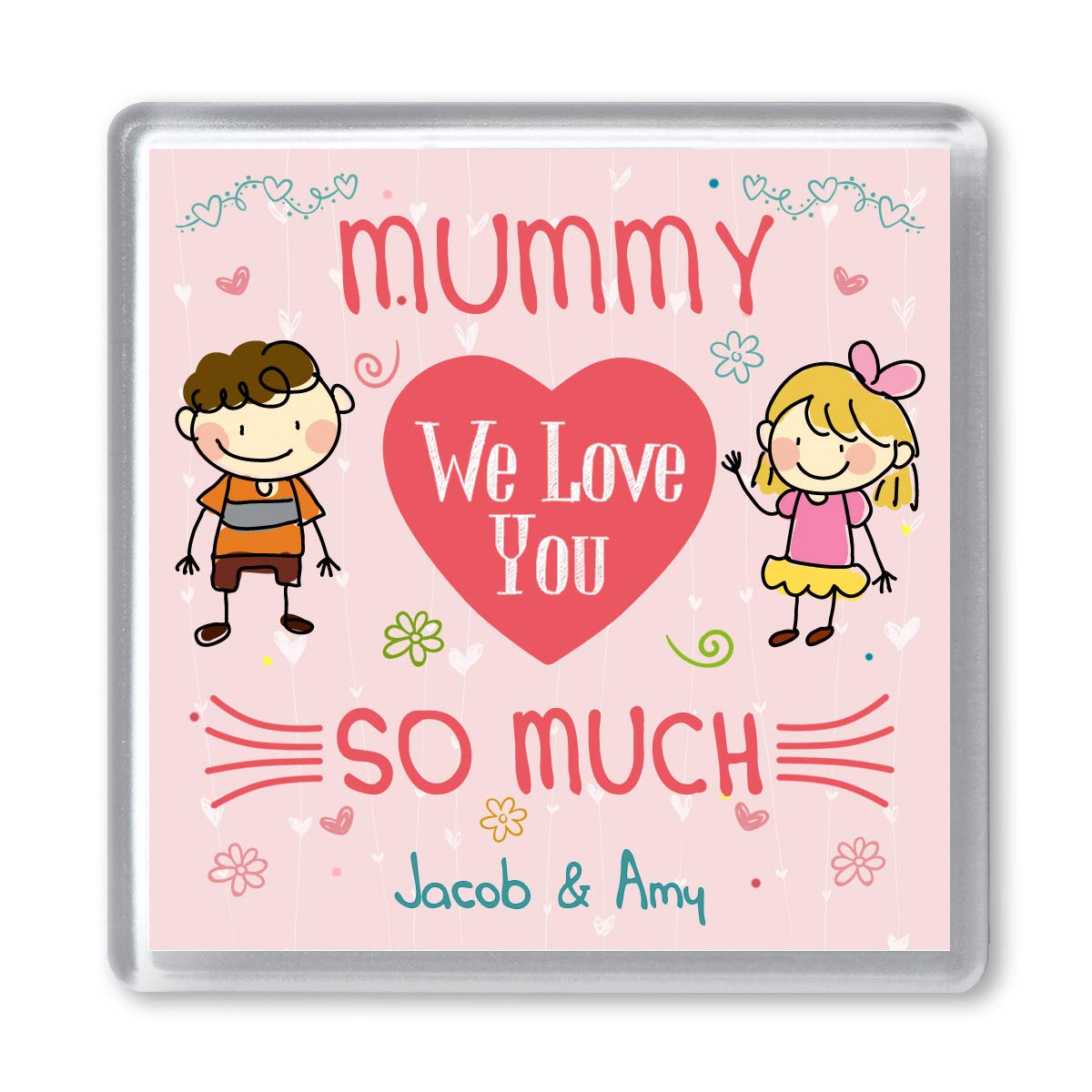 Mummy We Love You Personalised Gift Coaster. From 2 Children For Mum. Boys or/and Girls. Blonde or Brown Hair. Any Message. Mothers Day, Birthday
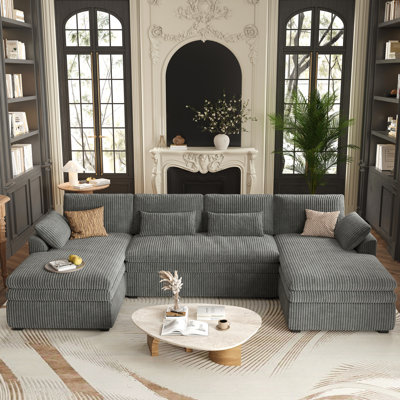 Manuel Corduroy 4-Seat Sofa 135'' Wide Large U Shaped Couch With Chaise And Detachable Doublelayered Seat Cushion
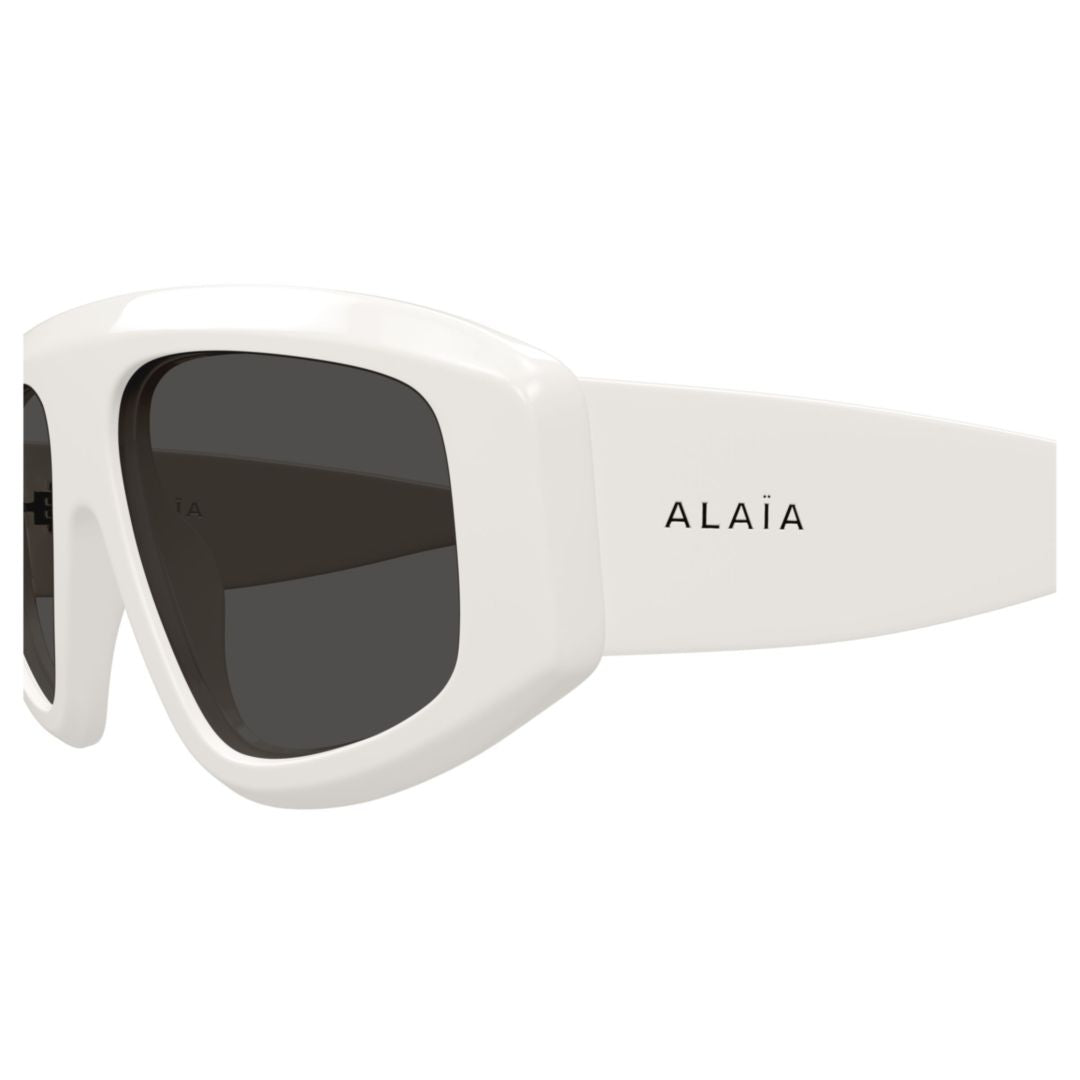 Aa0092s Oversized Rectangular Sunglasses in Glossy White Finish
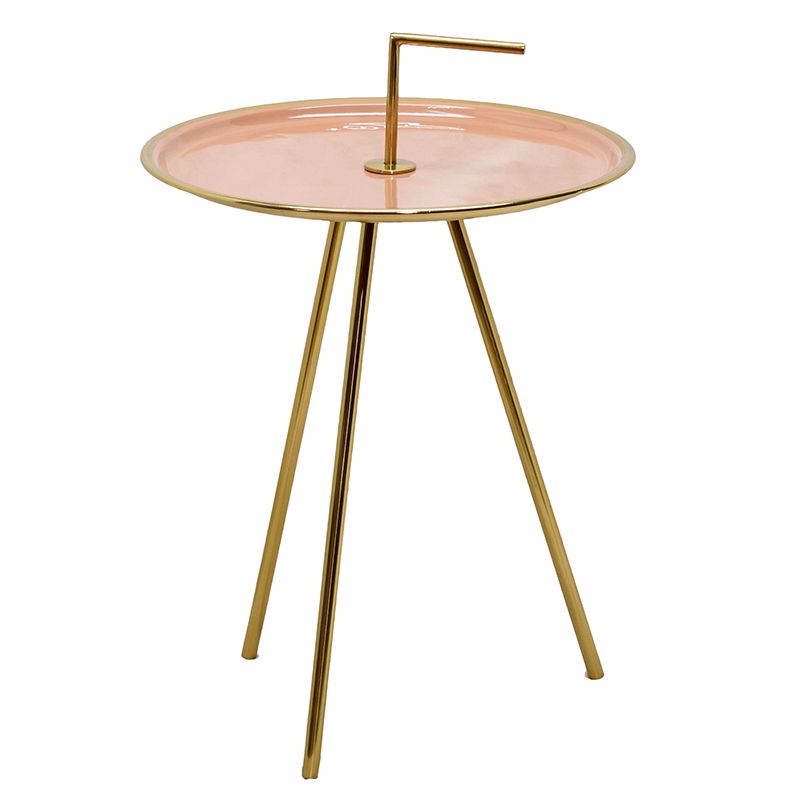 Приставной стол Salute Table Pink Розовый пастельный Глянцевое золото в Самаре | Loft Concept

(Task goal)
What is needed is a verbatim copy of the lines from the line with "Aa0092s Oversized Rectangular" through the last line of the listing, pictures excluded.

(Answer area)
 Aa0092s Oversized Rectangular Sunglasses in Glossy White Finish
 Приставной стол Salute Table Pink Розовый пастельный Глянцевое золото в Самаре | Loft Concept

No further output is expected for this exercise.